* _Your assignment_
Search the material below for the string "tablecloth" and list each line that holds it.

* _The records_
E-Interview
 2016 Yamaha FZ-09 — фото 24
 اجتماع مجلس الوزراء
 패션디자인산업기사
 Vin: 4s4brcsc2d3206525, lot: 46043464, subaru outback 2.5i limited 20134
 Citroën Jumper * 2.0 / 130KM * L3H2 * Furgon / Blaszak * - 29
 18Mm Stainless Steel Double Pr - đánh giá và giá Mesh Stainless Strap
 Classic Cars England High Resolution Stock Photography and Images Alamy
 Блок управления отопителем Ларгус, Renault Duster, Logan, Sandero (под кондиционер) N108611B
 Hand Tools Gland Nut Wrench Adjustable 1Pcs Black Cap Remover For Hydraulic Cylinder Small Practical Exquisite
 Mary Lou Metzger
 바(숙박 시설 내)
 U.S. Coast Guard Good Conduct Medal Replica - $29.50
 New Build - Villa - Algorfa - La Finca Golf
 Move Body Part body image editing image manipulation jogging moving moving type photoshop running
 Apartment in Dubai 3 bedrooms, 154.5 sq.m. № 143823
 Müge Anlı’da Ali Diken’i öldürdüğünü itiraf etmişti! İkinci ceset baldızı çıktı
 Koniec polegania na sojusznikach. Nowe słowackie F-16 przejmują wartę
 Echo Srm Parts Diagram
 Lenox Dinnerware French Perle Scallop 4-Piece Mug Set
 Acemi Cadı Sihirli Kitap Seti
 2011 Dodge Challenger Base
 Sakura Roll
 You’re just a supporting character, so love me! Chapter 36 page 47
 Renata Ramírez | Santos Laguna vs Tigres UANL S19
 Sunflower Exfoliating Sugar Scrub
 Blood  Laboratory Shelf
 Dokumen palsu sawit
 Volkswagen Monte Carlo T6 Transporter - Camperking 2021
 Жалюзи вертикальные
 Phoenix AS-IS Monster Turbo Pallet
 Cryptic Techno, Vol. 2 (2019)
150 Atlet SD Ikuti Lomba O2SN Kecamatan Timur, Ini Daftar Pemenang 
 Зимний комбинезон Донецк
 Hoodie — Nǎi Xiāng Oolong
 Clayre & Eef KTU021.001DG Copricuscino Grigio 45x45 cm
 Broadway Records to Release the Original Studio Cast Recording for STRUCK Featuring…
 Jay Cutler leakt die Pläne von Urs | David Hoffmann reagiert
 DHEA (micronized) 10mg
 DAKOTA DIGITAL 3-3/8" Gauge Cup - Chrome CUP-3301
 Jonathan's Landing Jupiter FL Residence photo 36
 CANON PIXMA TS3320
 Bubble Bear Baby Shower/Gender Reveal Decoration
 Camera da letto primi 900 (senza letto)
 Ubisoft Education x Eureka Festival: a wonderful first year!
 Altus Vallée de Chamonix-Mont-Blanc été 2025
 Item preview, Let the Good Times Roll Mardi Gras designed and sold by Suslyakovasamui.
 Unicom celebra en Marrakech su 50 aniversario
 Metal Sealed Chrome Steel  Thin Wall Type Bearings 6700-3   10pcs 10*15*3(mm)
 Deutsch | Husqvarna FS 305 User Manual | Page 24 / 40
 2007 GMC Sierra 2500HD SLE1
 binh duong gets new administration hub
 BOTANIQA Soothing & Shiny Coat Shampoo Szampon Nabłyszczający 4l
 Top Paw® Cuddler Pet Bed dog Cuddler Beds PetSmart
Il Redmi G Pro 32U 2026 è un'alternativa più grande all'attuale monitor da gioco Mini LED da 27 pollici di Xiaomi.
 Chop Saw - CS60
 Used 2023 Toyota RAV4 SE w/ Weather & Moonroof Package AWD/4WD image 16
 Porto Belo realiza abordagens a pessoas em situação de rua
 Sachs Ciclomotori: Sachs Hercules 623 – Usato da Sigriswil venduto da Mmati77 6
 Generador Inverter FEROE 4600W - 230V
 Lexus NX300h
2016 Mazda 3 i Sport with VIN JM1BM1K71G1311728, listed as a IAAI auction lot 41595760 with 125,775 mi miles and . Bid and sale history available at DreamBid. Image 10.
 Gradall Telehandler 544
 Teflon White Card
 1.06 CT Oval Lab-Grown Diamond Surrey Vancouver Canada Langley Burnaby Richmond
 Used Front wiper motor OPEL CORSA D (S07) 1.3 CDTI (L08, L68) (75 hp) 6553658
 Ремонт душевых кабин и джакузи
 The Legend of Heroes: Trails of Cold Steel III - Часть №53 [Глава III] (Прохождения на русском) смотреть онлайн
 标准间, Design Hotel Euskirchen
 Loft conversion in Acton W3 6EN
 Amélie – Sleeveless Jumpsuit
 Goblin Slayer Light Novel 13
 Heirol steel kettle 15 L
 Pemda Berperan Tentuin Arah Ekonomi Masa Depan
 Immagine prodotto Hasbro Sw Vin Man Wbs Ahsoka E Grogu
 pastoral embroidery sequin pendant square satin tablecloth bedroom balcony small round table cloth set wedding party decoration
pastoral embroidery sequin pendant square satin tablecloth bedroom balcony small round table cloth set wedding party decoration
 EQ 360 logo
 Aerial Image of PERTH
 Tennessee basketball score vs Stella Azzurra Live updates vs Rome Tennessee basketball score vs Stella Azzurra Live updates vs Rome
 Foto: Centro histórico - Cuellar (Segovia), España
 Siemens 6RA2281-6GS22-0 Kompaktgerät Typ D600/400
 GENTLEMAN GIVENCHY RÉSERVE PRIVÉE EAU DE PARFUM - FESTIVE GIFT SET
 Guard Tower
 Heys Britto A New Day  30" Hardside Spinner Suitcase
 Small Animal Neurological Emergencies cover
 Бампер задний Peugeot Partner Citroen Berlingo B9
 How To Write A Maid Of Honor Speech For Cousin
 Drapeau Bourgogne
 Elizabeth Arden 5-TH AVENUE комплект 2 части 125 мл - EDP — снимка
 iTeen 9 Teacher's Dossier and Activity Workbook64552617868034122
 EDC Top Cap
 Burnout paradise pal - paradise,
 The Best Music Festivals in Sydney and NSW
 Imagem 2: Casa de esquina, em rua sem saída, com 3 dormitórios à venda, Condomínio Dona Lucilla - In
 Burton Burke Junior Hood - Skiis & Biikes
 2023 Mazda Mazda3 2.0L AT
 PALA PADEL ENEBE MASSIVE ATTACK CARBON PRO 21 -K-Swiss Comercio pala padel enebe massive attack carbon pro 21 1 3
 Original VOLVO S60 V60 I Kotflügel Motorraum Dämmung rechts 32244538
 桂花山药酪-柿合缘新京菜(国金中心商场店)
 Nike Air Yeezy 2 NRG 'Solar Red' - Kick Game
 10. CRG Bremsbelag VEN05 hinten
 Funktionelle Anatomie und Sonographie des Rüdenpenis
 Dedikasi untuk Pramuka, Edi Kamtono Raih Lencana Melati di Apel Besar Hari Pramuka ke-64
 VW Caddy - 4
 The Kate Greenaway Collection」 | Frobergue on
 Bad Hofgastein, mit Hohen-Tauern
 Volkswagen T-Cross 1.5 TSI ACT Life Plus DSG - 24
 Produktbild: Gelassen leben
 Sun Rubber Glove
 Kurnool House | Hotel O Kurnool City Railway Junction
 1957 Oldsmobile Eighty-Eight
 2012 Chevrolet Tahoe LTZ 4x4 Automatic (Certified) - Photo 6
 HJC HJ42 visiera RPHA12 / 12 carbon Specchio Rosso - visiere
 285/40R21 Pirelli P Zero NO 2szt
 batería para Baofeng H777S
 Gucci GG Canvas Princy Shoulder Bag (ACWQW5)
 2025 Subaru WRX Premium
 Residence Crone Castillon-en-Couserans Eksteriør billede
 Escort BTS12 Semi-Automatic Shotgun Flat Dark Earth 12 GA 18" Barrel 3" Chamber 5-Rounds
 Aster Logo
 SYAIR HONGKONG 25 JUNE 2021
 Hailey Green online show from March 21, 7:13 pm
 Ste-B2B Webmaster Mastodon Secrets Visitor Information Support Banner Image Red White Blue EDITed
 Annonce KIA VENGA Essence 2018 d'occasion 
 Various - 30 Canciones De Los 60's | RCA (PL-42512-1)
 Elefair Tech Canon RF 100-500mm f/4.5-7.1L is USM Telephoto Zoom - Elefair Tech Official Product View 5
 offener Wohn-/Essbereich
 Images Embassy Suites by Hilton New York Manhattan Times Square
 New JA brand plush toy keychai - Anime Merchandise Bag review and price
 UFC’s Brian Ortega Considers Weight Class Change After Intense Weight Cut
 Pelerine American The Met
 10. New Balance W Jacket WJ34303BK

* _Task response_
 pastoral embroidery sequin pendant square satin tablecloth bedroom balcony small round table cloth set wedding party decoration
pastoral embroidery sequin pendant square satin tablecloth bedroom balcony small round table cloth set wedding party decoration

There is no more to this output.